The coating also possesses excellent transparency, flexibility, and
durability. The optical transmission of uncoated and coated glass slides
exhibited negligible differences in the visible light range (400-750 nm,
Fig. 2A). The glass slide bearing the transparent coating did not
obscure the screen (Fig. 2B), indicating its potential applicability for
electronic displays or devices. This optical clarity could be attributed
to the flatness of the coating surface, thanks to the excellent
miscibility of the silicon precursors and the lack of solvent
volatilization disturbance in this solvent-free system. The atomic force
microscopy (AFM, Fig. 2C) image indicated that the root-mean-square
surface roughness was only ~ 0.5 nm, while the SEM (Fig.

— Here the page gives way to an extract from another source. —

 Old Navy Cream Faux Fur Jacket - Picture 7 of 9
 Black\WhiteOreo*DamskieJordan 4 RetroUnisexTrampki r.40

S4) image revealed that the coating possessed a featureless surface with
no evidence of structures or roughness above the micrometer scale. A
minimum bending radius of less than 1 mm was reached for the coated PET
(Fig. 2D). This excellent flexibility and foldability would expand a
diverse range of coating applications, including the coating of soft
pipelines, as well as flexible materials or devices for prosthetics and
advanced robotics. The coating possessed a hardness rating of HB
according to the ASTM D3363 protocol, and the oil-based ink could still
be completely removed from the coating even after it had been subjected
to 1000 abrasion cycles with cotton fabric under a load of 500 g (Fig.
2E). The coatings maintained their long-term anti-adhesion performances
even after they had been immersed in basic, acidic, salt solutions, and
oil (Fig. 2F and G). The negligible chemical change of the coating
surface after the immersion in different liquids for various lengths of
time has been confirmed via CA measurements (Fig. 2H) and XPS (Fig. S7).
With the high crosslinking density that is induced by the low molecular
weight of processors, the migration of interfacial segments as well as
the chemical reconstruction at the interfaces of the coating and ambient
liquids would be restrained.